Please repeat each line from the one holding "фотография - 2" through the final line of the data, exactly as it stands, with no pictures.

(Data excerpts)
________________

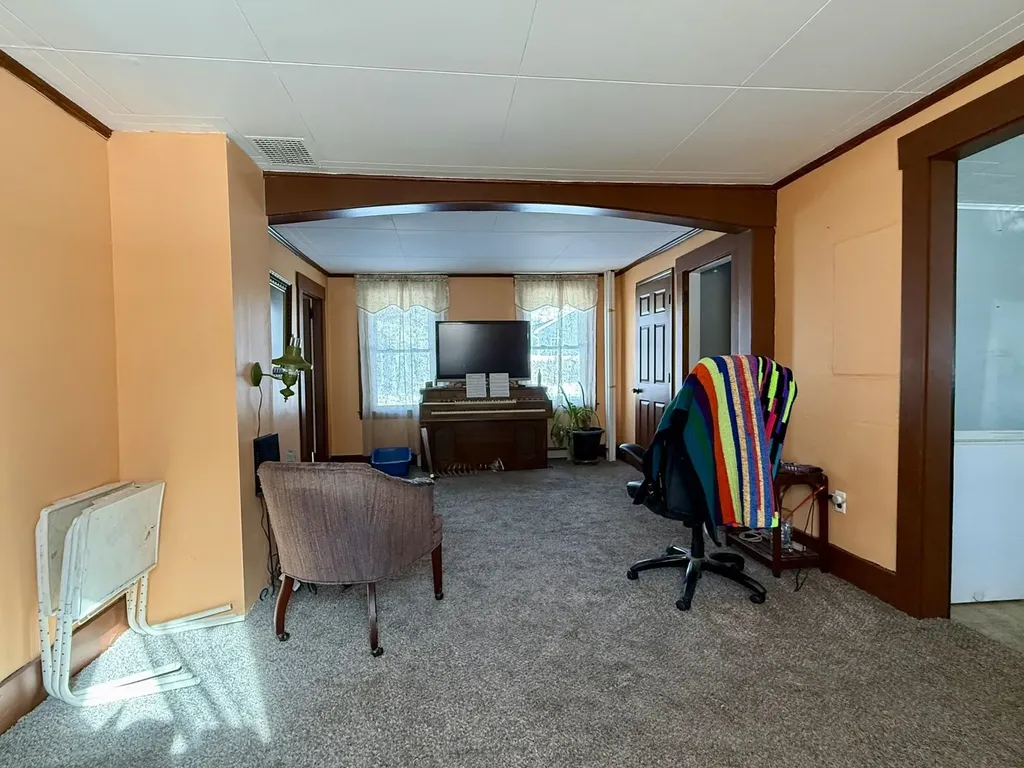 2 Hutchinson Street Franklin NH 03235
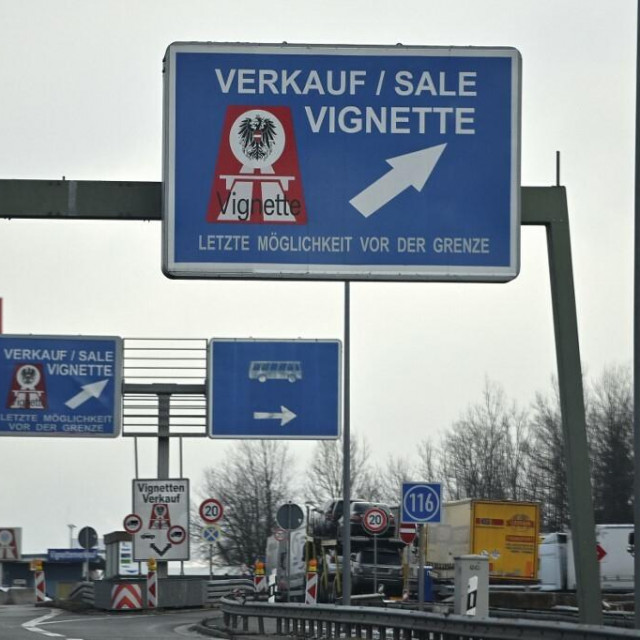 &lt;p&gt;Border crossing Walserberg Germany/Austria with signs MAUT, TOLL, VIGNETTE, motorway vignette, sticker, A8 motorway near Bad Reichenhall. Road traffic, cars, highway, (Photo by Frank Hoermann/SVEN SIMON/SVEN SIMON/dpa Picture-Alliance via AFP)&lt;/p&gt;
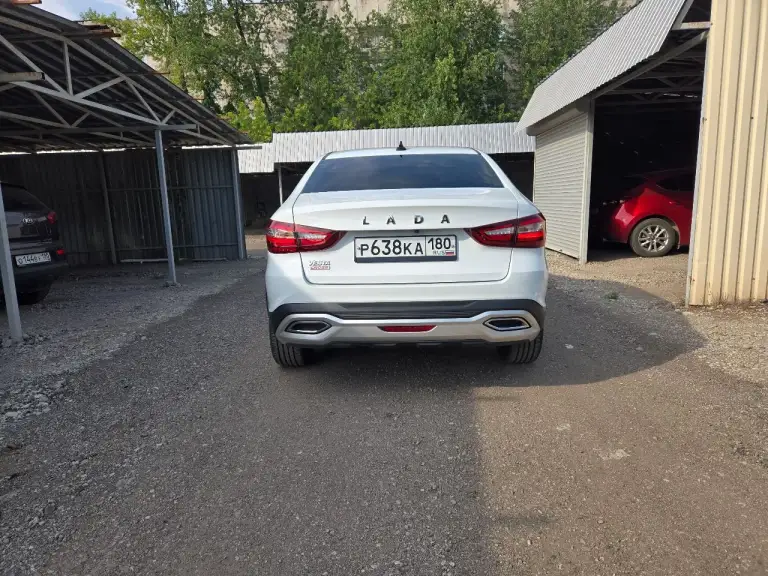 Продам vesta cross ng 2023 года выпуска 1.6 16 кл. , с салона выехала в марте 2024 года. Пробег на данный 53000 км. Комплектация enjoy, есть все необходимое для комфортной езды. Авто покупал 2024 года в декабре месяце на пробеге 45000 км, после чего провел комплексное то все жидкости, тормоза в круг и др. Установил автосигнализацию starline с обратной связью и автозапуском. На данный момент установлена новая летняя резина r17, так же есть новая зимняя r17 - проехала 1500 км. Запаска, домкрат и балонник имеется с завода. В авто не курили. Я второй хозяин. Продажа с полным переоформлением в мрэо с моим присутствием. Причина продажи - купил другое авто, эта будет стоять без дела. Осмотр г. Енакиево. Цена 1.400к рублей.
+79493547262. - фотография - 2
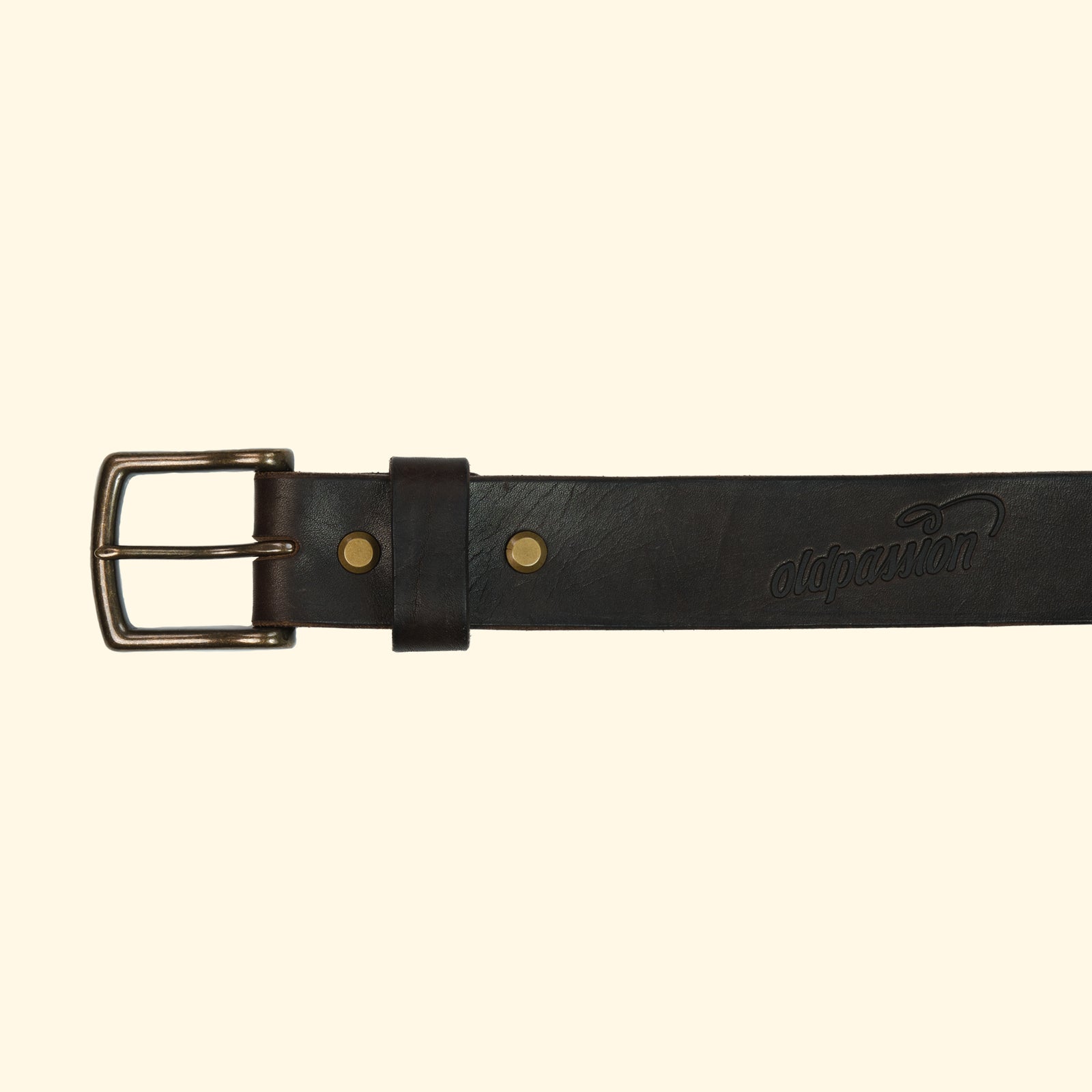op-belt-langlebiger-Ledergürtel-auf-Mass-myrtille-dark-brown-schnalle-antique-brass-vorderseite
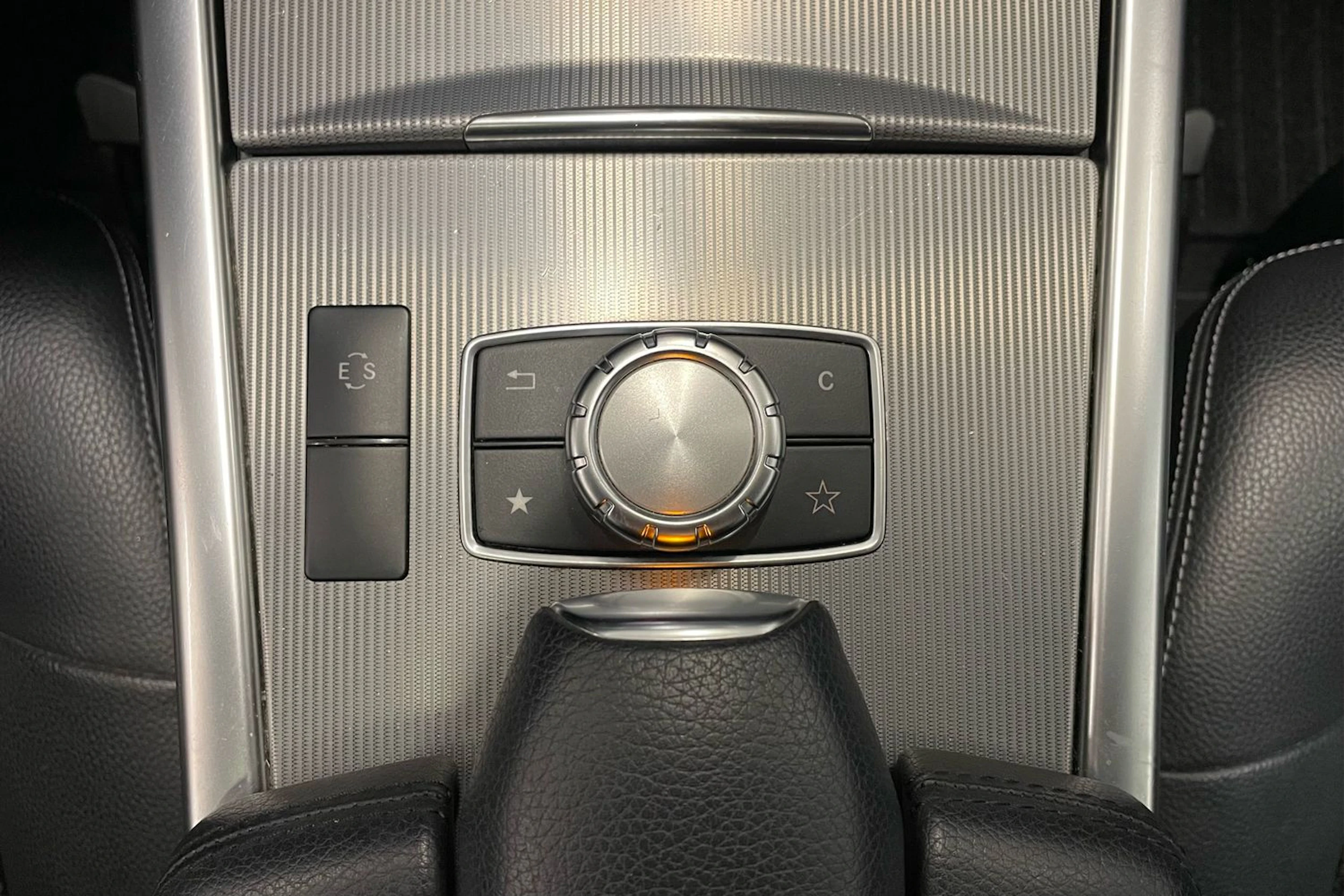 Mercedes-Benz E 2013 kuva 18.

________________

=== OUTPUT OF THE EXERCISE ===
+79493547262. - фотография - 2
op-belt-langlebiger-Ledergürtel-auf-Mass-myrtille-dark-brown-schnalle-antique-brass-vorderseite
 Mercedes-Benz E 2013 kuva 18.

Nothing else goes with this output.